The notable complications were ulnar nerve symptoms. In our 5 early cases, we performed operation on the obligatory ulnar nerve anterior transposition, which resulted in ulnar neuropathy in 2 of the cases. One patient had transient tingling sensation in the 5th finger, immediately after the operation. Another patient did not recover from 5th finger parasthesia. However, in 11 later cases, in which the ulnar nerve transposition was not performed, the complication rate of ulnar nerve neuropathy dropped to 0.09 (1/11). An obvious cause of the ulnar nerve complications would be an extensive mobilization and traction. Furthermore, the medial stability of the elbow would reduce ulnar nerve irritation. Thompson et al.13) demonstrated that exposing the ulnar nerve has no benefit in MUCL reconstruction of the elbow. Postoperatively, he only had 5% of the transient ulnar nerve symptoms and all of the patients were resolved of the symptoms. Therefore, in the patients without ulnar nerve symptoms preoperatively, ulnar nerve anterior transposition should not be performed to decrease surgical complications.

There were several limitations that warrant review. First, small number of enrolled players makes it difficult to fully evaluate the correlation between the clinical and imaging outcomes. Larger populations would be required to validate our findings. Secondly, we studied elite players, and overall return rate reflects on only the elite sports level. Therefore, it is hard to apply our results to the general populations, which include players in the recreational levels. Thirdly, returning to full sports activities could not actually be achieved within 12 months. To confirm the success of the operation, additional evaluation should be performed.

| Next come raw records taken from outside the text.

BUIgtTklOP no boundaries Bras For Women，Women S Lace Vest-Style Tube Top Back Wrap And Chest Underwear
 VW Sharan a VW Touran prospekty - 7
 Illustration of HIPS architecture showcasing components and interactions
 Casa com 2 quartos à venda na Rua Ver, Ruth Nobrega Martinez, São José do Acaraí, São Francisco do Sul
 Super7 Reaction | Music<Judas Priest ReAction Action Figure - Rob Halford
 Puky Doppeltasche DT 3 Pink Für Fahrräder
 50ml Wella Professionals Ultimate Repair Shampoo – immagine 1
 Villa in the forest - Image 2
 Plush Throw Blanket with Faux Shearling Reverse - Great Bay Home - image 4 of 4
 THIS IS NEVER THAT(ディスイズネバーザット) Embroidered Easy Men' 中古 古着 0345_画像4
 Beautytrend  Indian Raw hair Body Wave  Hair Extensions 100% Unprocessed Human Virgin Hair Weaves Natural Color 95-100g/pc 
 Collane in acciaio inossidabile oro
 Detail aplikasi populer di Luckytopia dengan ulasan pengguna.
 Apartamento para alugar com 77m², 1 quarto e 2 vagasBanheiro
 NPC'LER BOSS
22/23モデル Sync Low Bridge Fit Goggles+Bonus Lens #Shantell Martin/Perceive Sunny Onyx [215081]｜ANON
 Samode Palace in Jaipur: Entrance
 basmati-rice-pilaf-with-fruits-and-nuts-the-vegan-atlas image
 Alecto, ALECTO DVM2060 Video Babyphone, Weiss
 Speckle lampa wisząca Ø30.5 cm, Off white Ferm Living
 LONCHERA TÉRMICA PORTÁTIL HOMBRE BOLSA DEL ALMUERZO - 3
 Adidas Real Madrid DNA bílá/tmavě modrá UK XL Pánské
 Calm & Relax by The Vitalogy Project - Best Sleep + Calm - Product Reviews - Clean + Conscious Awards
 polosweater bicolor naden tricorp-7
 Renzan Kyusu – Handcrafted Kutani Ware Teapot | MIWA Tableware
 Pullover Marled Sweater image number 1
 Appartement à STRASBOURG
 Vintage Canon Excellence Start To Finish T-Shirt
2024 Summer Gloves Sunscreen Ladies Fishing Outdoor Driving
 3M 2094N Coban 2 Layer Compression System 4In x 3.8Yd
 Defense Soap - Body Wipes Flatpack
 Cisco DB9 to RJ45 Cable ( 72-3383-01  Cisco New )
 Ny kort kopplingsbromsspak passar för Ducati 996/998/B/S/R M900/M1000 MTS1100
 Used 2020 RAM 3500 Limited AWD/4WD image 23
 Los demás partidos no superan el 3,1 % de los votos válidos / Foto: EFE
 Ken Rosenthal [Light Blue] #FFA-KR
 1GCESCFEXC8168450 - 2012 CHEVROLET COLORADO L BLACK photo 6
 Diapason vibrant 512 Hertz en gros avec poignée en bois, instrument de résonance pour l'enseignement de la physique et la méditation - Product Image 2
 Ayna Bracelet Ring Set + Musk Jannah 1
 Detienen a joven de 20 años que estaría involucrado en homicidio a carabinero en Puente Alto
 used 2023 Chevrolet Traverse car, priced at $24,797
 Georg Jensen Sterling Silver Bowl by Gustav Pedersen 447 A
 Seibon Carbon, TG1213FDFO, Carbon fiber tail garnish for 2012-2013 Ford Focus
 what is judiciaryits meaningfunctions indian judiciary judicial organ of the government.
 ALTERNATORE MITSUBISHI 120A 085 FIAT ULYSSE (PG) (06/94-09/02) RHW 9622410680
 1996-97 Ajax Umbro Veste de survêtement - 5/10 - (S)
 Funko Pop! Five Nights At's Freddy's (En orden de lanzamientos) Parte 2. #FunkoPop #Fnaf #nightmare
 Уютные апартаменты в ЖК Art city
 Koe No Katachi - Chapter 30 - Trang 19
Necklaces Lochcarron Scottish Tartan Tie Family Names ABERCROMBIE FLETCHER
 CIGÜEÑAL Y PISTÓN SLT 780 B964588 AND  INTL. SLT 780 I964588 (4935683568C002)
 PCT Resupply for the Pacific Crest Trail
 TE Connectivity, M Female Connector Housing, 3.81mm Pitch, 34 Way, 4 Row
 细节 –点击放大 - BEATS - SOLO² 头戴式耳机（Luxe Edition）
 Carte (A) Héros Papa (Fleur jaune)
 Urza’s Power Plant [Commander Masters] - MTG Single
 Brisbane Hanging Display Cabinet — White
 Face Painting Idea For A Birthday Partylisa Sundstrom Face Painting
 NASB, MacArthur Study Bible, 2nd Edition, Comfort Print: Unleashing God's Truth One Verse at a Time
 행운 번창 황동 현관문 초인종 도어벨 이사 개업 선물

In conclusions, this study demonstrated that well-maintained graft was achieved in all of the players. However, only 53% of the players returned to preinjury level after the MUCL reconstruction using the figure of eight technique. Therefore, the data did not support our hypothesis stating that well-maintained graft would provide successful return to play.

Footnotes

No potential conflict of interest relevant to this article was reported.